According to SageMaker Clarify documentation, the TVD is actually the sum of L-1 norms of the posterior distributions of positive and negative classes of the interested group given the feature value and its complement. Here is the implementation of TVD:

def tvd(
df: pd.DataFrame,
feature_name: str,
feature_value: str,
label_name: str,
positive_label_value: str,
negative_label_value: str
) -> float:
n_d = len(df[df[feature_name] == feature_value])
n_a = len(df[df[feature_name] != feature_value])

p_positive_given_d = len(
df[(df[feature_name] == feature_value) & (df[label_name] == positive_label_value)]
) / n_d
p_negative_given_d = len(
df[(df[feature_name] == feature_value) & (df[label_name] == negative_label_value)]
) / n_d

p_positive_given_a = len(
df[(df[feature_name] != feature_value) & (df[label_name] == positive_label_value)]
) / n_a
p_negative_given_a = len(
df[(df[feature_name] != feature_value) & (df[label_name] == negative_label_value)]
) / n_a

tvd_value = 0.5 * ((np.abs(p_positive_given_d - p_positive_given_a)
+ np.abs(p_negative_given_d - p_negative_given_a)))
return tvd_value

print(tvd(df, 'job', 'self-employed', 'y', 'yes', 'no'))

0.008077098359025106


The range of TVD values is the interval $$[0, 1)$$, where values near zero mean the labels are similarly distributed, whereas positive values mean the label distributions diverge, the more positive the larger the divergence.
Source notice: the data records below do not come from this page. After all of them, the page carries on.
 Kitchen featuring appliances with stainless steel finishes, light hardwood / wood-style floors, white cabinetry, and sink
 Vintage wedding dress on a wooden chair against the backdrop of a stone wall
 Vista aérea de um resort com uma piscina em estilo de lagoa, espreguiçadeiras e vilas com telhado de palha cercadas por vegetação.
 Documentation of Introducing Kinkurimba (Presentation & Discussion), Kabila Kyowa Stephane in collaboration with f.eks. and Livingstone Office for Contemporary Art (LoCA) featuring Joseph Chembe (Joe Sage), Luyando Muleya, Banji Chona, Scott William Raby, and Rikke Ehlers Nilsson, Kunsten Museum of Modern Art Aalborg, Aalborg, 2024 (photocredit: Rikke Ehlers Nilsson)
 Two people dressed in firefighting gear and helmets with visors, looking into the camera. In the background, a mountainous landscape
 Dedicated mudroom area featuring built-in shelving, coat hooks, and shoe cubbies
## Mitigating the bias from the dataset

As we reviewed, there are various measures to see whether a dataset is biased toward certain features or not. However, depending on the ML problem and the nature of each of these measures, it is up to the user to decide which measure is more suitable to use. This is because of the fact that adjusting the dataset to have less bias with respect to a certain measure may not reduce the bias with respect to other measures. Mitigating the bias of the dataset based on the proper measure, ensures that the data reflects fair information regarding the problem at hand.
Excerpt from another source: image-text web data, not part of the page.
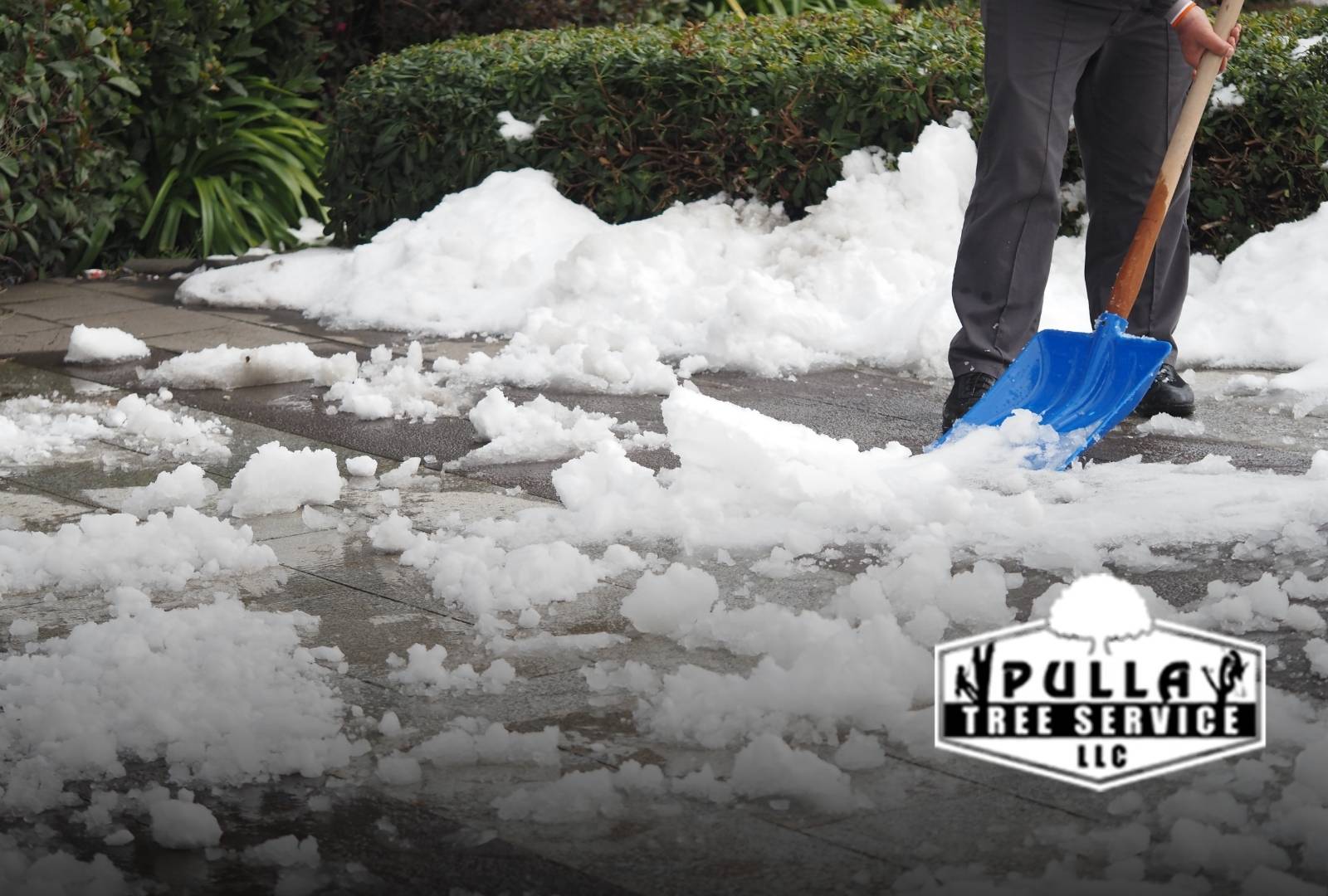 Homeowner performing storm clean-up after early snow and ice with safety gear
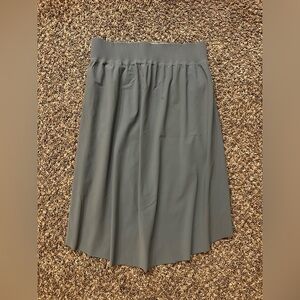 Athleta Cosmic Skirt Hi Lo Athleisure Pockets grayish/green/sage size MED
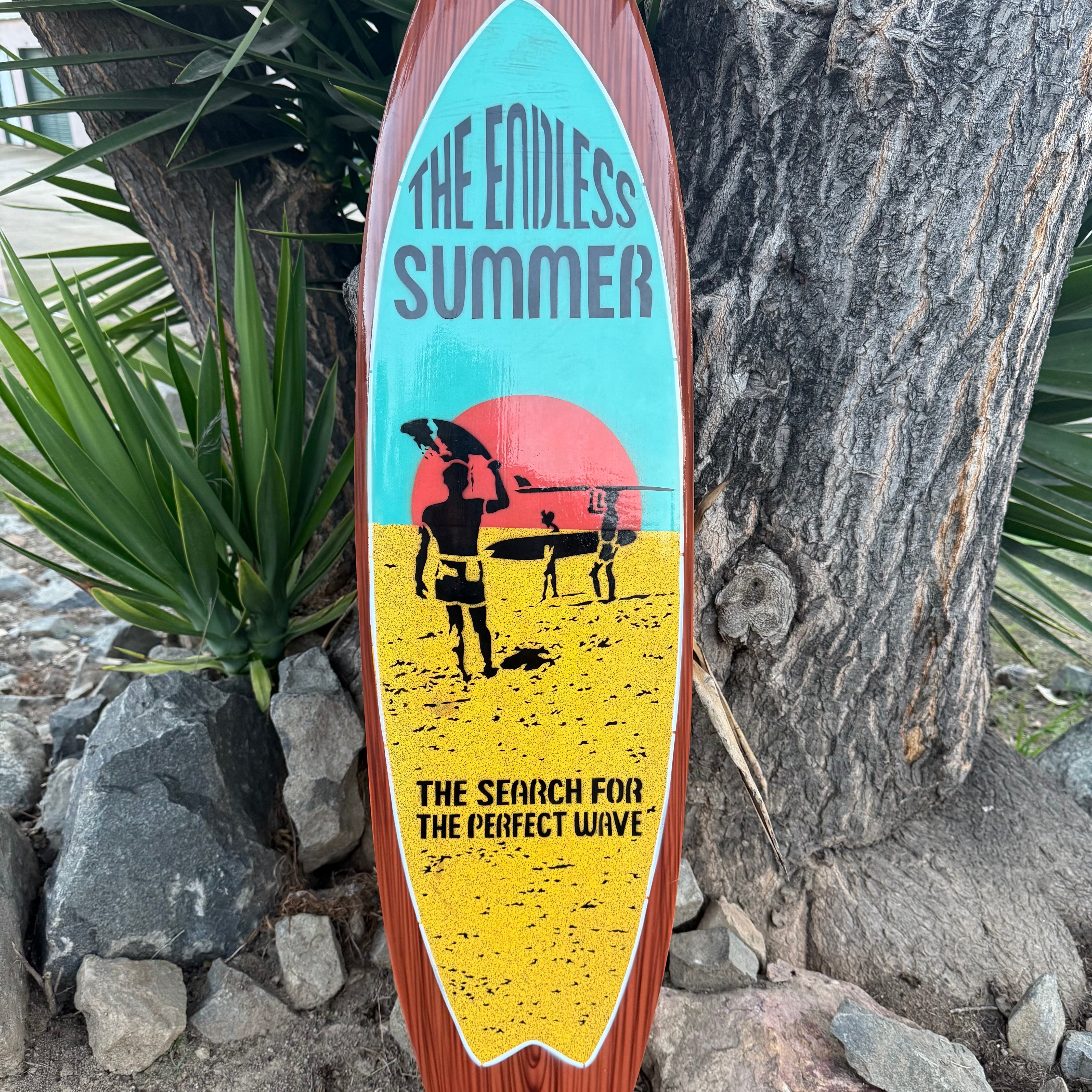 Surfboard with 'The Endless Summer' design leaning against a tree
In general, there is no generic technique to reduce bias. Depending on the problem, one can apply the following techniques to reduce the dataset’s bias prior to the training phase:

1. We can remove critical features that may cause the model to be unfair to certain groups of people, for example gender, age, address, etc. However we must be careful to distinguish between correlations and causations of features with labels. For example, we may want to keep the education information of people when we want to hire them, but we don’t want to let education information bias our judgment if we want to grant loans to people.
2. We can augment the data by applying undersampling/oversampling techniques to balance the distribution of certain biased features in the dataset. These techniques are also applicable in the classification of imbalanced datasets. To name an example, you can take a look at the Synthetic Minority Oversampling Technique (SMOT).

For more detailed information regarding the pre-training bias detection measures and its mitigation techniques, you can refer to this paper by the Amazon team.

## Conclusion

In this blog post we reviewed the pre-training bias detection measures by SageMaker Clarify and implemented them from scratch to have a better understanding of how they work and what they present. It is important to note that there is no general measure of dataset bias for all ML problems and the choice of bias measure highly depends on the nature of the problem and the notion of fairness that we seek. We also discussed some techniques to reduce these biases in the dataset before feeding them to the ML model. Hopefully, our better understanding of the dataset and reducing its lack of balance contributes to developing ML systems that produce fair results.